Input data Block Start

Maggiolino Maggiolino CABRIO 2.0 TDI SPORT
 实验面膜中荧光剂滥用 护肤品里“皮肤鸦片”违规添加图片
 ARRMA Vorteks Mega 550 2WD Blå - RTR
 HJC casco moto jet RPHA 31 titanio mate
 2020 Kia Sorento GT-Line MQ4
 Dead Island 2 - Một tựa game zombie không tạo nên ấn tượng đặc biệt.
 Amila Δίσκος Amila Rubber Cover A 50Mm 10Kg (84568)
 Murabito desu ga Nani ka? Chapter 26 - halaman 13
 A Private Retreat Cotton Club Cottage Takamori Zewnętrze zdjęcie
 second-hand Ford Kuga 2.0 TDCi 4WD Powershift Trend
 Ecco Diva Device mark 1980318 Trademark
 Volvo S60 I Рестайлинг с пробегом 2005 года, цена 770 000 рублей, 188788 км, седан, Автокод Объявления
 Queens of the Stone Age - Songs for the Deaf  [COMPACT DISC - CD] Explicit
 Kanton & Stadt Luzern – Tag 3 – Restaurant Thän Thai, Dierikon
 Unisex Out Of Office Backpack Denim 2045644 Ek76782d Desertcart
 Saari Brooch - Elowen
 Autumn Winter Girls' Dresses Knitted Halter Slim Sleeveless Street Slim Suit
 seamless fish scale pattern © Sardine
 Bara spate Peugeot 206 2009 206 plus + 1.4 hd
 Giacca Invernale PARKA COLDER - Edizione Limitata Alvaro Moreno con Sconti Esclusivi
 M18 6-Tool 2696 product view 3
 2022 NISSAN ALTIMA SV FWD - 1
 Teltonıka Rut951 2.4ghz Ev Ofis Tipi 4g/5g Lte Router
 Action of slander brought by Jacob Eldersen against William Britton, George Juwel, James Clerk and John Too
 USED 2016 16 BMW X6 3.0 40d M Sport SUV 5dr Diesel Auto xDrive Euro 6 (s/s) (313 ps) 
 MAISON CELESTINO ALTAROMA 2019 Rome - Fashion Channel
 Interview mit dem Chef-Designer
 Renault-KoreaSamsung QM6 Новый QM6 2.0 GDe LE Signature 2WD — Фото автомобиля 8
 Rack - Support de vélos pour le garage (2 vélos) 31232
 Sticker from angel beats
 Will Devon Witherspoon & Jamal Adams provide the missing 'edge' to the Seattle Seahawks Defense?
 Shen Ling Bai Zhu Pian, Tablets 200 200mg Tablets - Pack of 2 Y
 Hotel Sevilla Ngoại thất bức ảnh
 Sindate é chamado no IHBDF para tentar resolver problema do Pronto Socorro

Input data Block End

Work request
Restate the data word for word, leaving nothing out.

Answer
Maggiolino Maggiolino CABRIO 2.0 TDI SPORT
 实验面膜中荧光剂滥用 护肤品里“皮肤鸦片”违规添加图片
 ARRMA Vorteks Mega 550 2WD Blå - RTR
 HJC casco moto jet RPHA 31 titanio mate
 2020 Kia Sorento GT-Line MQ4
 Dead Island 2 - Một tựa game zombie không tạo nên ấn tượng đặc biệt.
 Amila Δίσκος Amila Rubber Cover A 50Mm 10Kg (84568)
 Murabito desu ga Nani ka? Chapter 26 - halaman 13
 A Private Retreat Cotton Club Cottage Takamori Zewnętrze zdjęcie
 second-hand Ford Kuga 2.0 TDCi 4WD Powershift Trend
 Ecco Diva Device mark 1980318 Trademark
 Volvo S60 I Рестайлинг с пробегом 2005 года, цена 770 000 рублей, 188788 км, седан, Автокод Объявления
 Queens of the Stone Age - Songs for the Deaf  [COMPACT DISC - CD] Explicit
 Kanton & Stadt Luzern – Tag 3 – Restaurant Thän Thai, Dierikon
 Unisex Out Of Office Backpack Denim 2045644 Ek76782d Desertcart
 Saari Brooch - Elowen
 Autumn Winter Girls' Dresses Knitted Halter Slim Sleeveless Street Slim Suit
 seamless fish scale pattern © Sardine
 Bara spate Peugeot 206 2009 206 plus + 1.4 hd
 Giacca Invernale PARKA COLDER - Edizione Limitata Alvaro Moreno con Sconti Esclusivi
 M18 6-Tool 2696 product view 3
 2022 NISSAN ALTIMA SV FWD - 1
 Teltonıka Rut951 2.4ghz Ev Ofis Tipi 4g/5g Lte Router
 Action of slander brought by Jacob Eldersen against William Britton, George Juwel, James Clerk and John Too
 USED 2016 16 BMW X6 3.0 40d M Sport SUV 5dr Diesel Auto xDrive Euro 6 (s/s) (313 ps) 
 MAISON CELESTINO ALTAROMA 2019 Rome - Fashion Channel
 Interview mit dem Chef-Designer
 Renault-KoreaSamsung QM6 Новый QM6 2.0 GDe LE Signature 2WD — Фото автомобиля 8
 Rack - Support de vélos pour le garage (2 vélos) 31232
 Sticker from angel beats
 Will Devon Witherspoon & Jamal Adams provide the missing 'edge' to the Seattle Seahawks Defense?
 Shen Ling Bai Zhu Pian, Tablets 200 200mg Tablets - Pack of 2 Y
 Hotel Sevilla Ngoại thất bức ảnh
 Sindate é chamado no IHBDF para tentar resolver problema do Pronto Socorro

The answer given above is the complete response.